Cells of immune system were proposed for use as Trojan horse for tumor-specific drug delivery. The efficacy of such cell-based drug delivery depends on the site-specific cell homing. This present study was aimed to investigate the potential of leucocytes for intratumoral site-specific enrichment using locoregional application route in experimental liver tumors.
Human neutrophils were isolated from peripheral blood and directly labeled with calcein AM or loaded with doxorubicin. The neutrophil loading and release of doxorubicin, migration and adhesion to ICAM-1 were analyzed in vitro. Macrophages were isolated and activated in vitro. Leucocyte plugging and distribution pattern in the liver microvasculature were studied ex vivo and the efficacy of leucocyte plugging in tumor blood vessels were analyzed in vivo after superselective intra-arterial injection in mouse liver tumor models.

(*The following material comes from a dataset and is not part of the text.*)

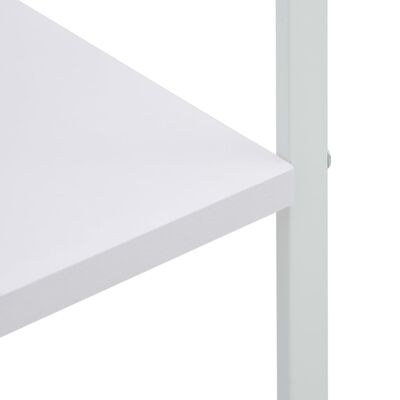 vidaXL Skříňka na mikrovlnku bílá 60 x 39,6 x 79,5 cm kompozitní dřevo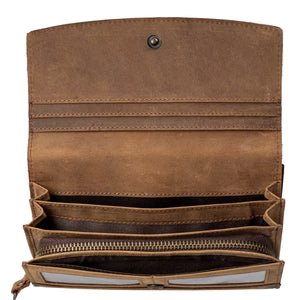 BARONESS LADIES TRI-FOLD WALLET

Neutrophils were characterized by the high dose-dependent uptake and rapid release of doxorubicin. Doxorubicin loading did not affect neutrophil migration function. Neutrophil plugging in liver microvasculature was very high (>90%), both after ex vivo perfusion and after injection in vivo. However, neutrophils as well as activated macrophages plugged insufficiently in tumor blood vessels and passed through the tumor microvasculture with a very low sequestration rate in vivo.
Neutrophils possess several properties to function as potentially effective drug carriers; however, the tumour site-specific drug delivery after selective locoregional injection was observed to be insufficient owing to low intratumoural microvascular plugging.